### PROBLEM TO WORK ON
Span requested from the data below: the line with "16745 NW 12th Ct Pembroke Pines, FL 33028" through the line with "Used 2021 Chevrolet", both included. Give only these lines again, exactly, and leave every picture out.

### RECORD SET
___
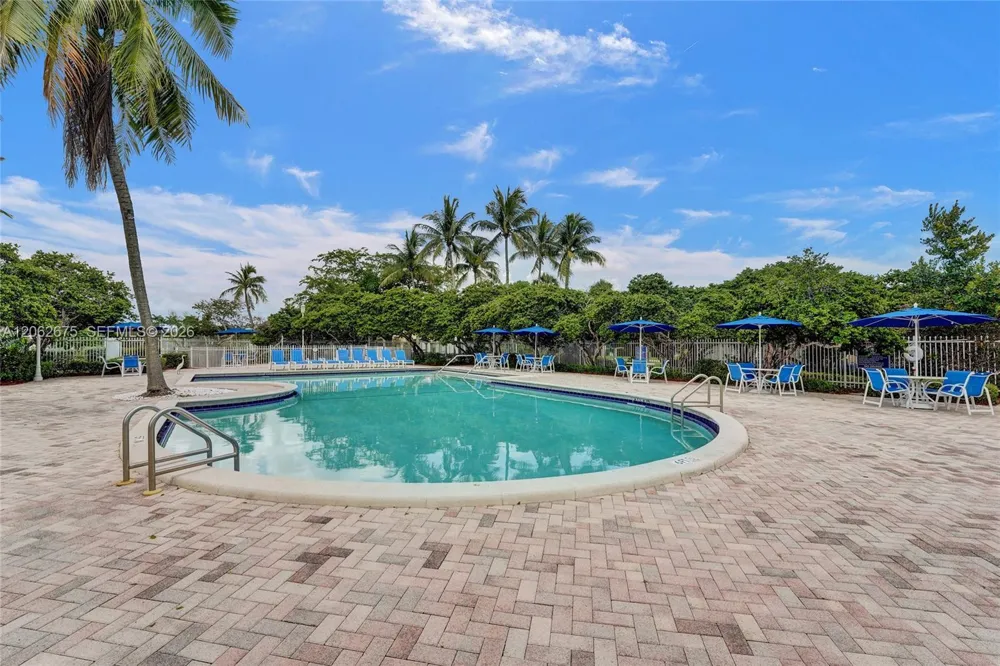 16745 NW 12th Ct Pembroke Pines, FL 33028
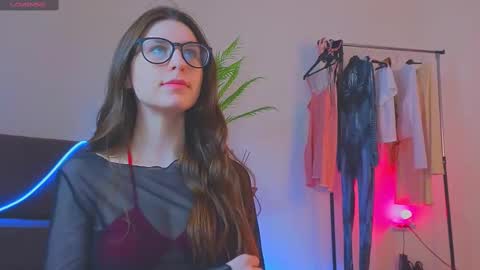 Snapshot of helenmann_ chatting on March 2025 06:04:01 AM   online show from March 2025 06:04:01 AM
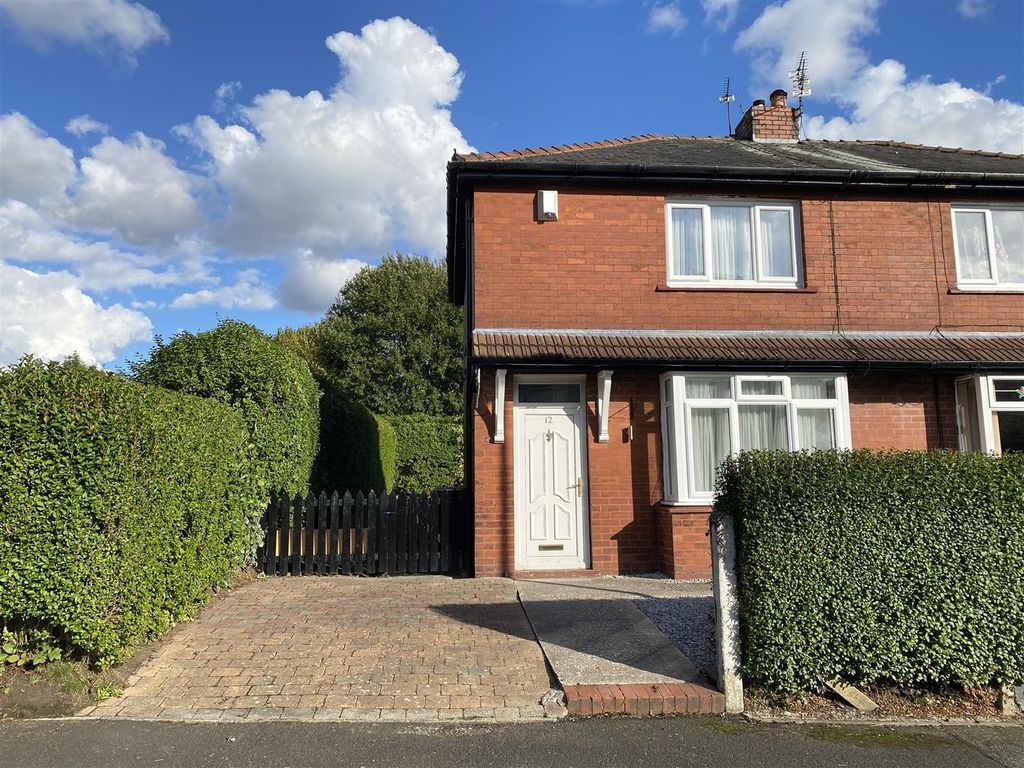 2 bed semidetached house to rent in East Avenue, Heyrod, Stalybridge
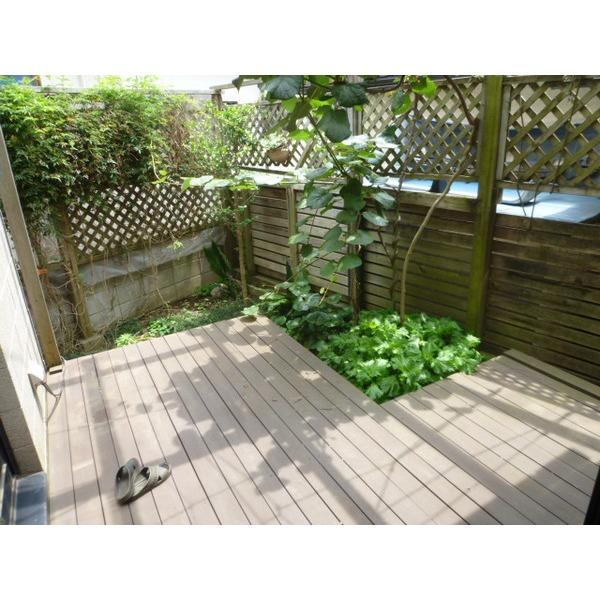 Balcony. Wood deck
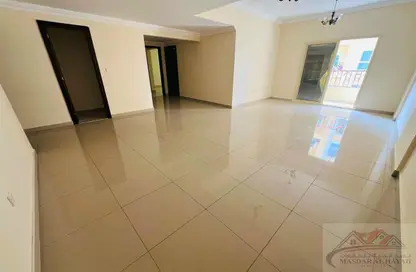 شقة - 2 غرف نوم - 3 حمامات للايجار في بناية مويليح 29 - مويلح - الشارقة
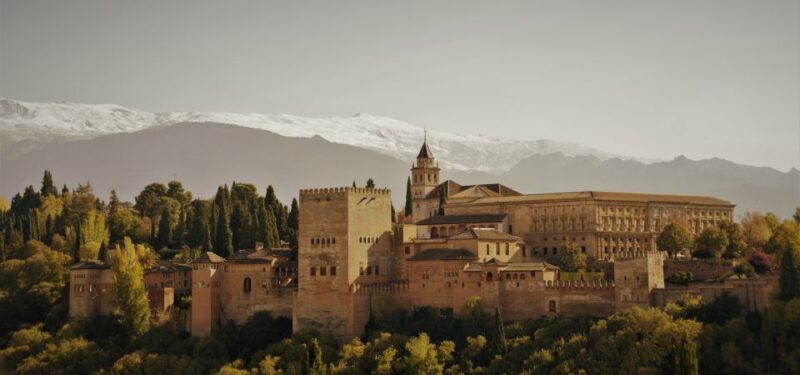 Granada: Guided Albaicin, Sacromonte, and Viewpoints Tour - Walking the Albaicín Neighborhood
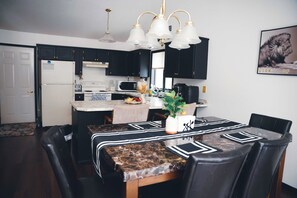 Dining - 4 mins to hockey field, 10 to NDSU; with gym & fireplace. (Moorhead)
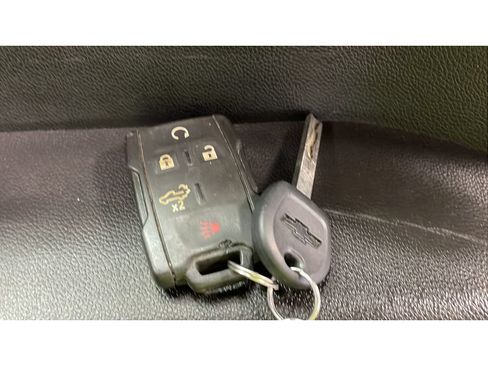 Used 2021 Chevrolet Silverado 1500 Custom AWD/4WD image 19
___
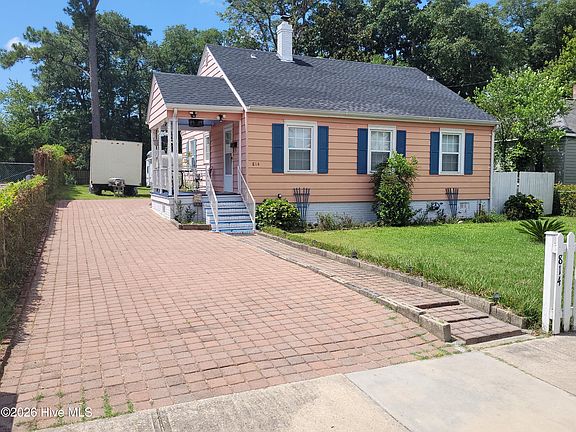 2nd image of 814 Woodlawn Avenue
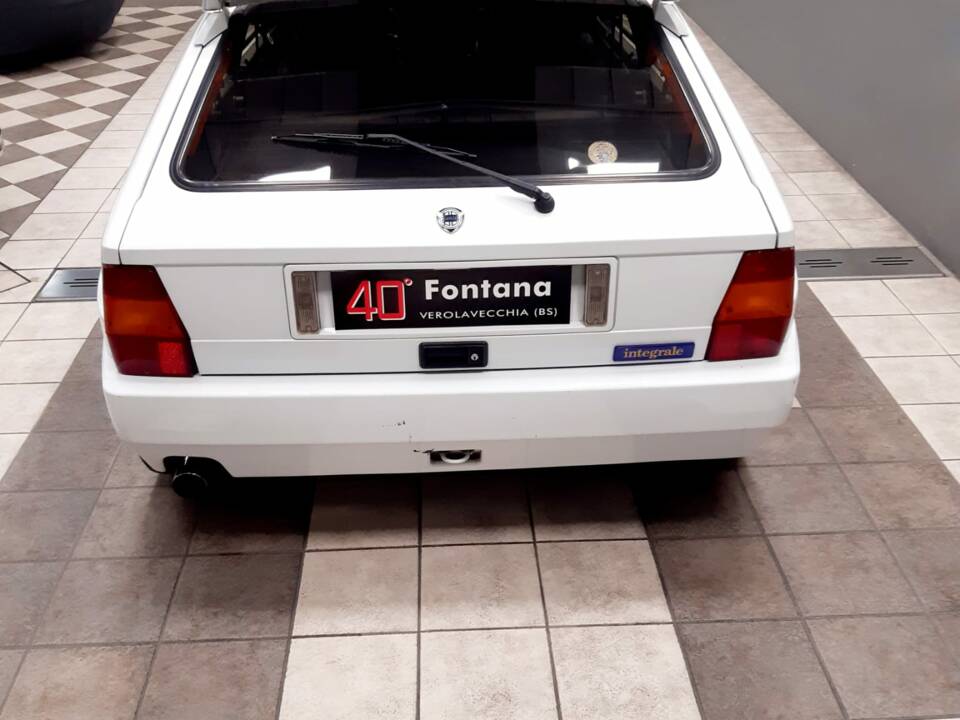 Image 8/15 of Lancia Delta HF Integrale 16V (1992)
___
### RESULT
 16745 NW 12th Ct Pembroke Pines, FL 33028
 Snapshot of helenmann_ chatting on March 2025 06:04:01 AM   online show from March 2025 06:04:01 AM
 2 bed semidetached house to rent in East Avenue, Heyrod, Stalybridge
 Balcony. Wood deck
 شقة - 2 غرف نوم - 3 حمامات للايجار في بناية مويليح 29 - مويلح - الشارقة
 Granada: Guided Albaicin, Sacromonte, and Viewpoints Tour - Walking the Albaicín Neighborhood
 Dining - 4 mins to hockey field, 10 to NDSU; with gym & fireplace. (Moorhead)
 Used 2021 Chevrolet Silverado 1500 Custom AWD/4WD image 19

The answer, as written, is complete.